Grizzlies Coach David Fizdale Says Confederate Statues Gotta Go

The Confederate States of America were the biggest threat the United States had faced.  Even bigger than the threat the former British Empire presented at the very birth of this country.  This was due in large part to the divisive nature of the conflict, and the dehumanizing nature of forced servitude.  

However, as we follow the connecting lines down through time, we see that those who have been stripped of their humanity arent the victims of slavery but its proponents.   

Last weekend, the college town of Charlottesville, Virginia was virtually overrun by white supremacists and their sympathizers.  It was a fruit salad of racial hate; neo-nazis, skinheads, armed militias and neo-confederates.  All of whom chanted anti-Semitic and anti-black slogans as they marched through the streets.  

As has been widely reported, there has been a renewed national debate regarding statues to the leaders of a racist insurrection that almost tore the country apart since the terrorist attacks of Charleston, South Carolina committed by Dylan Rooff that resulted in the deaths of nine black parishioners.  

There was a great deal of discourse regarding these monuments to treasonous hate that litter the landscapes of municipalities that fall both below and above the Mason-Dixon line. 

Momentum To Remove Confederate Monuments Increases In The Wake Of Charlottesville

There is new momentum to remove Confederate monuments after the violence in Charlottesville. Right now, there are 718 monuments and statues across the US. Virginia has the most at 96, followed by North Carolina and Georgia with 90 each. Yesterday, the Lexington, Kentucky city council took steps to remove two statues sitting near the court house.

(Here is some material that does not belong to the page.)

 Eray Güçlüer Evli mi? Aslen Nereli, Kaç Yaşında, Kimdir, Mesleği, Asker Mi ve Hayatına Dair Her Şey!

Today, New Orleans, Baltimore and even Richmond, Virginia are making moves to get rid of these statues.  However, there are still a great number of mayors, city council members and governors throughout the south and Midwest who would rather see the statues remain.  

The Memphis, Tennessee City Council voted to removed its statues in 2015 as part of that trend, but they were stopped in their tracks due to the statues falling under the jurisdiction of the Tennessee Historical Commission, who denied the request to take them down.

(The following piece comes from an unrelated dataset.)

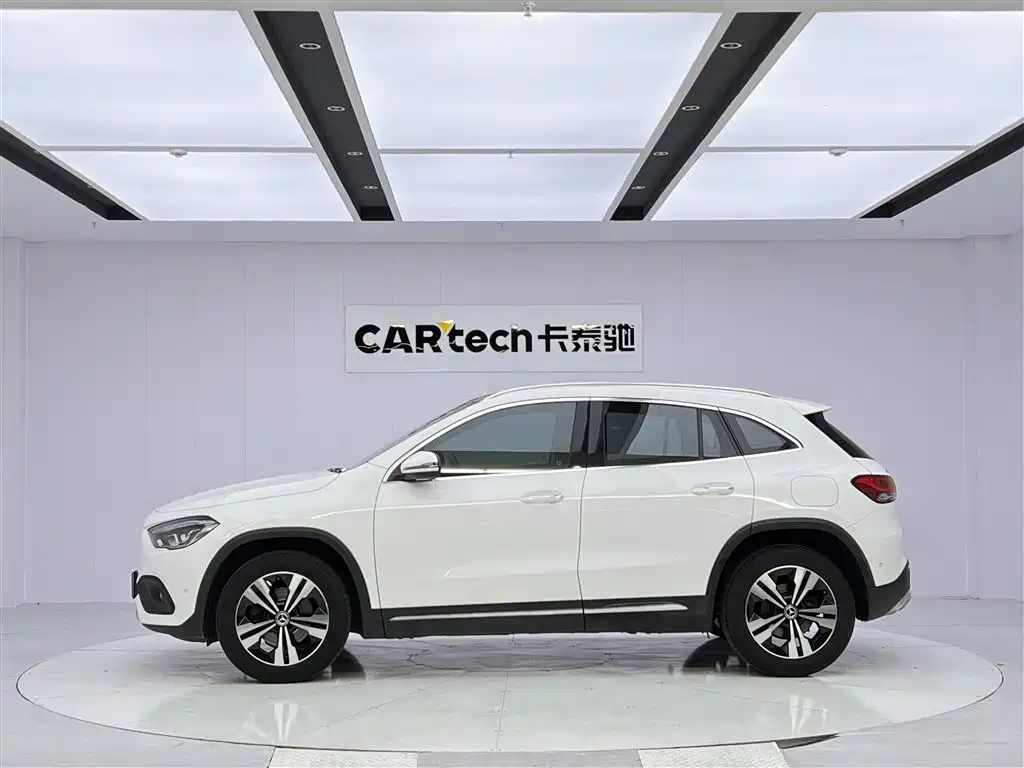 Mercedes-Benz GLA 2021 — фото 7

I previously wrote about this in a Shadow League piece titled, “Confederate Monuments Are Nationwide Pox On Democracy.

The statues are of Confederate General Robert E. Lee, “president” Jefferson Davis, and General P.G.T. Beauregard, the first of which was built 19 years after the Civil War and served as both a memorial for whites and a clear warning to blacks regarding power and racial pecking order.

They aren’t just in the deep south either. Though the false narrative likes to paint the south as the lone Confederate bastion, monuments paying homage to white supremacists exist in Iowa, Pennsylvania and Kentucky, all of which officially fought on the side of the Union, and even in states like Montana, Arizona and Oklahoma, which were merely territories during the war.

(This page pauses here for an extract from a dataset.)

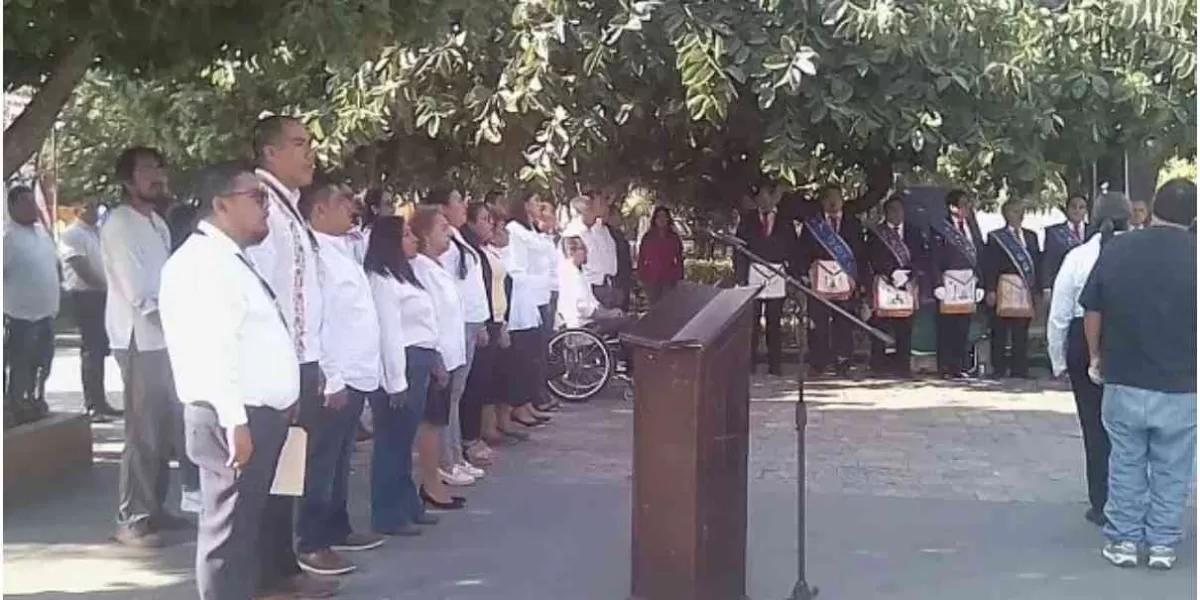 En Izúcar, celebran 218 aniversario de Benito Juárez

But the disrespectful hits are NOT a thing of the past. In North Carolina, for instance, 35 monuments have been added since 2000, according to a University of North Carolina survey.

According to USA Today, there are over 700 monuments to the traitorous confederates throughout the United States and chances are the majority of them aren’t going anywhere anytime soon.

Memphis Grizzlies head coach David Fizdale has never been one to mince words. He’s been outspoken against racism and bigotry on several occasions. Recently he was interviewed as part of the MLK50:Justice through Journalism program and he came from the heart and soul once again with his commentary and candor. 

Memphis Grizzlies Coach David Fizdale and Confederate monuments

Memphis Grizzlies coach David Fizdale on Confederate monuments, racism, President Trump and what Dr. Martin Luther King is asking us to do today.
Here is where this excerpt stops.